┌─ Extracted material

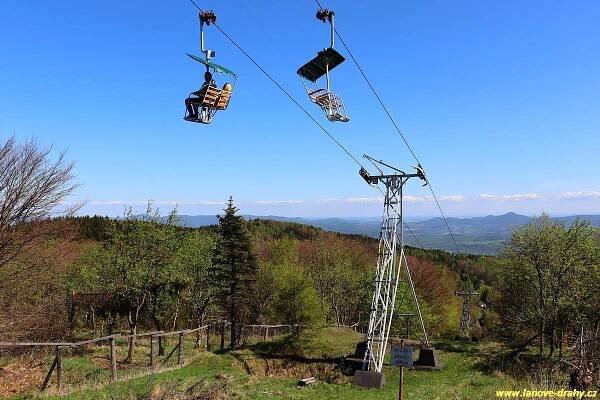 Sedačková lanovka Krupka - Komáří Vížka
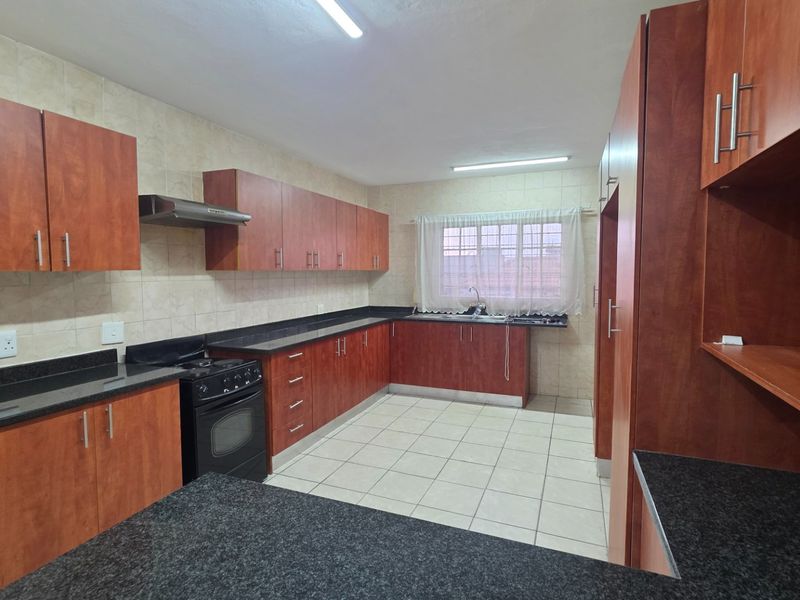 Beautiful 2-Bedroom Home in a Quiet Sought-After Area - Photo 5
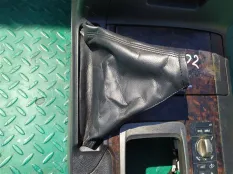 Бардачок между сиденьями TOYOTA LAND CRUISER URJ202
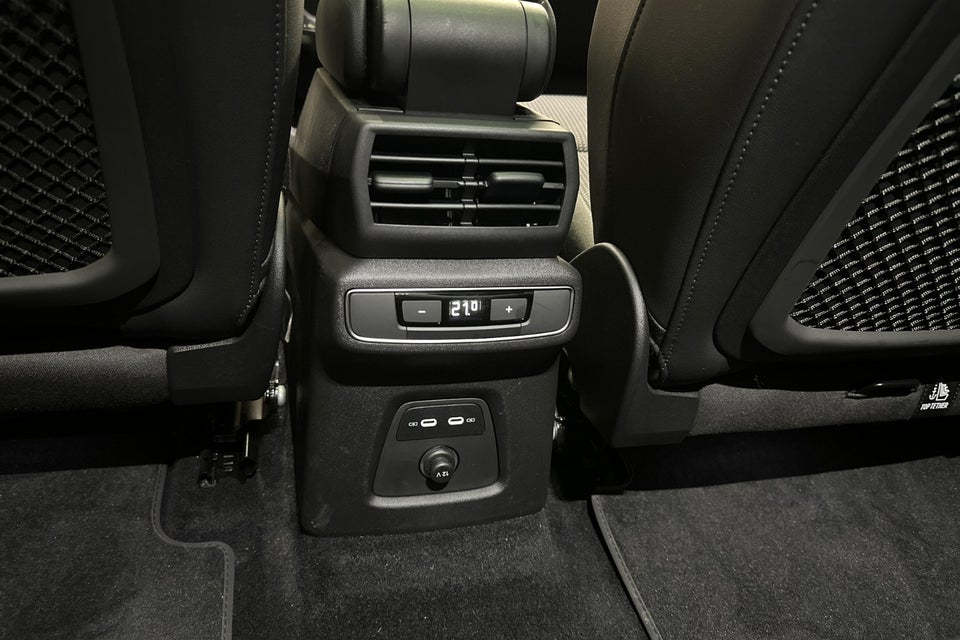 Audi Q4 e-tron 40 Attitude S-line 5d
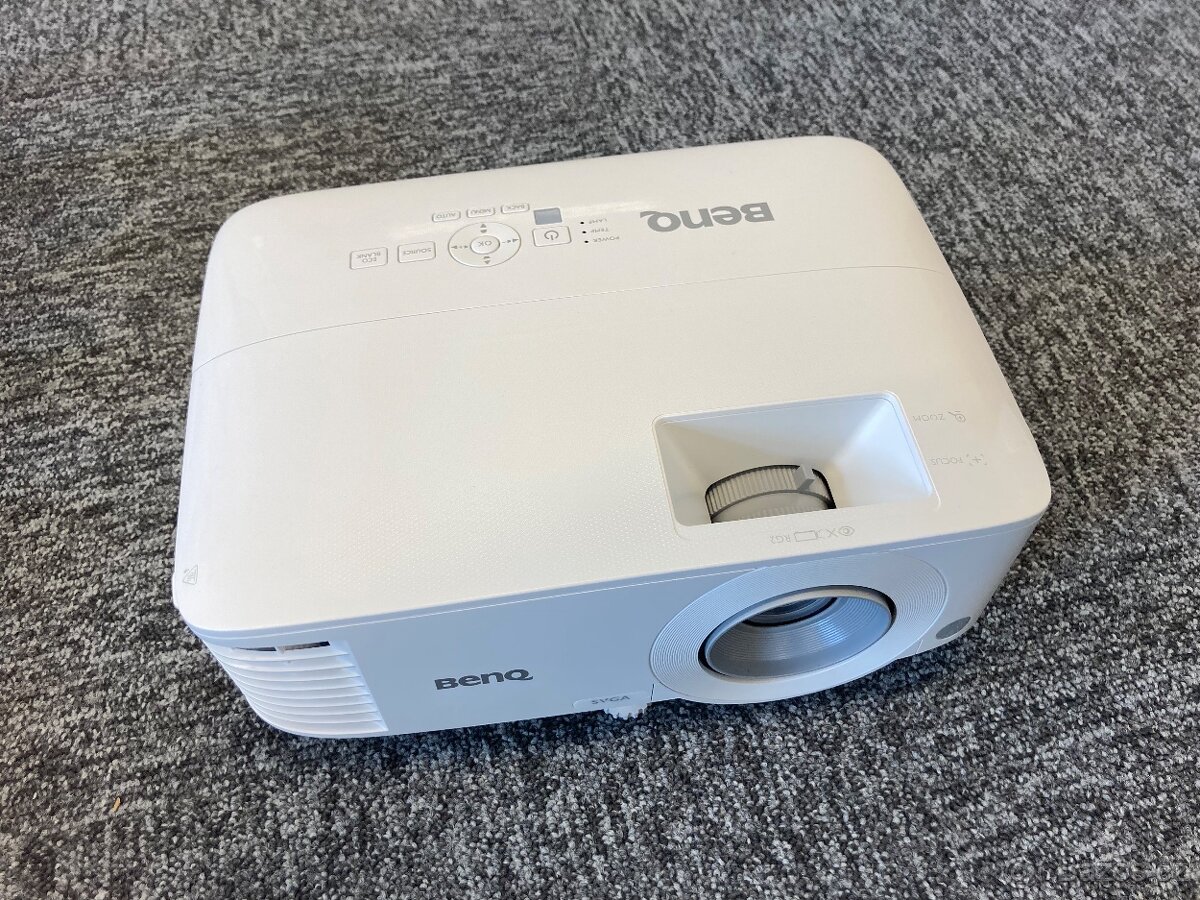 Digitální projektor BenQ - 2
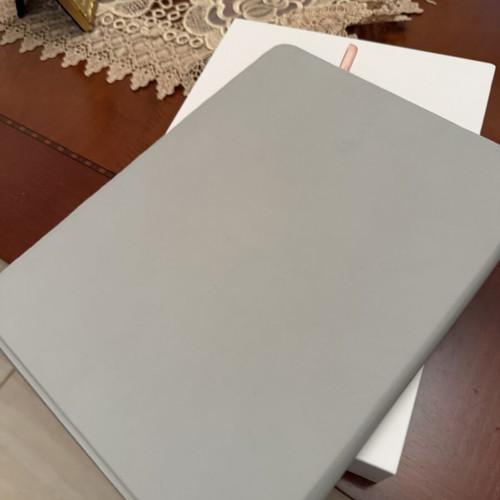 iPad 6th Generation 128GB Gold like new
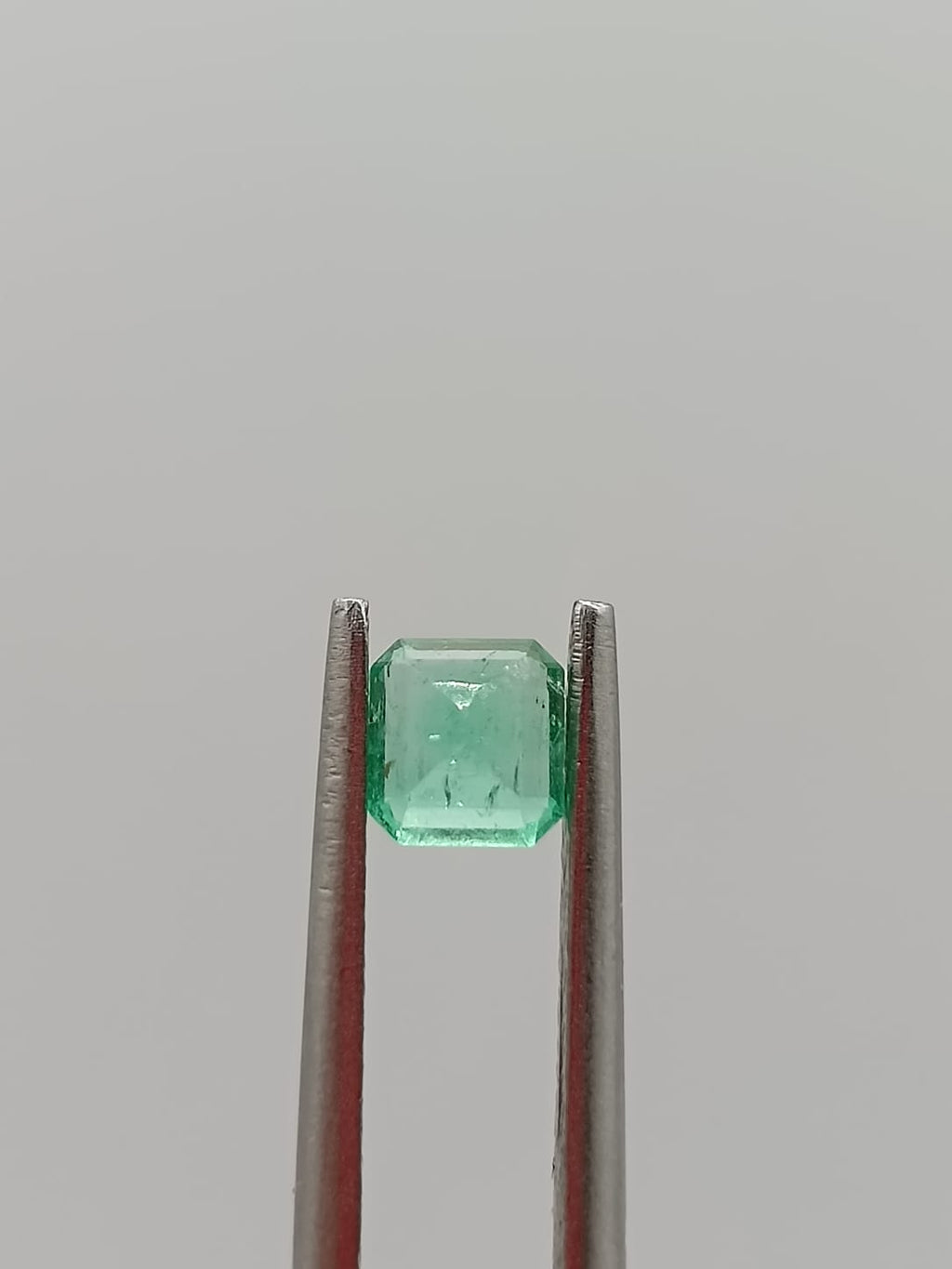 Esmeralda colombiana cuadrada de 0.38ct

└─
┌─ Extracted material

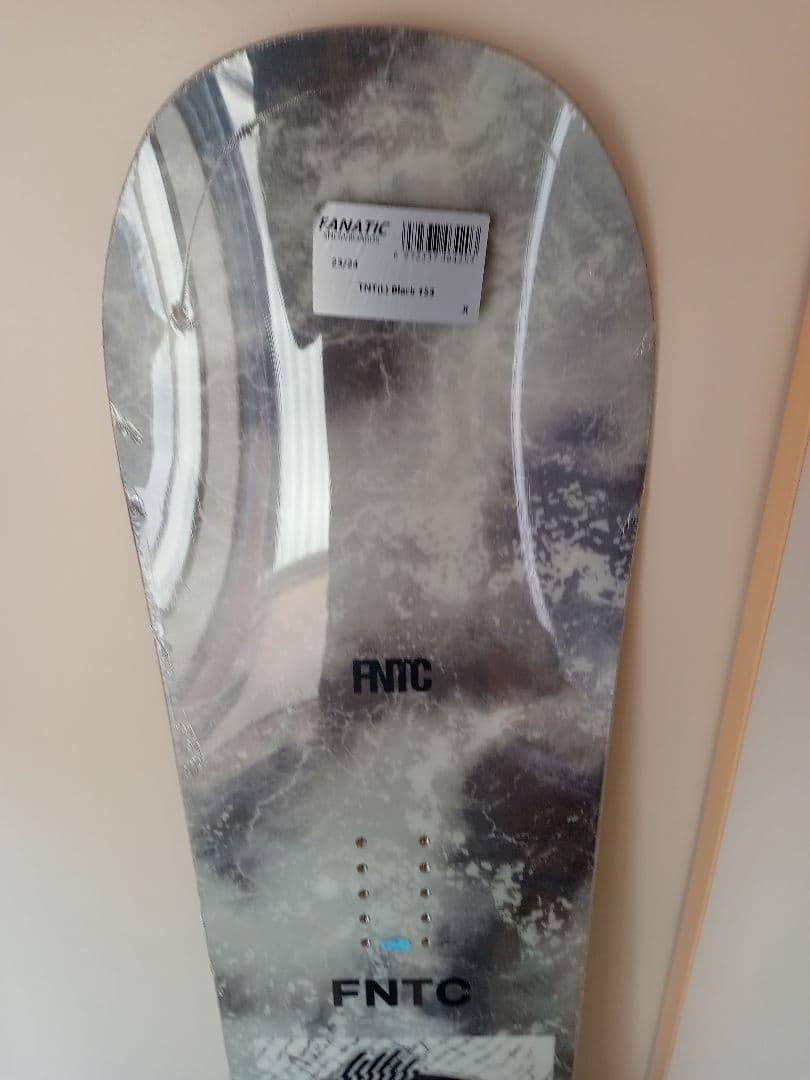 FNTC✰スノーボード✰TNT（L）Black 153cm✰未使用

└─

> [Work order]: From the records above, extract the lines from the one holding "Бардачок между сиденьями" through the one holding "Esmeralda colombiana cuadrada de 0.38ct", word for word; omit the pictures.

> [Result for this task]:
 Бардачок между сиденьями TOYOTA LAND CRUISER URJ202
 Audi Q4 e-tron 40 Attitude S-line 5d
 Digitální projektor BenQ - 2
 iPad 6th Generation 128GB Gold like new
 Esmeralda colombiana cuadrada de 0.38ct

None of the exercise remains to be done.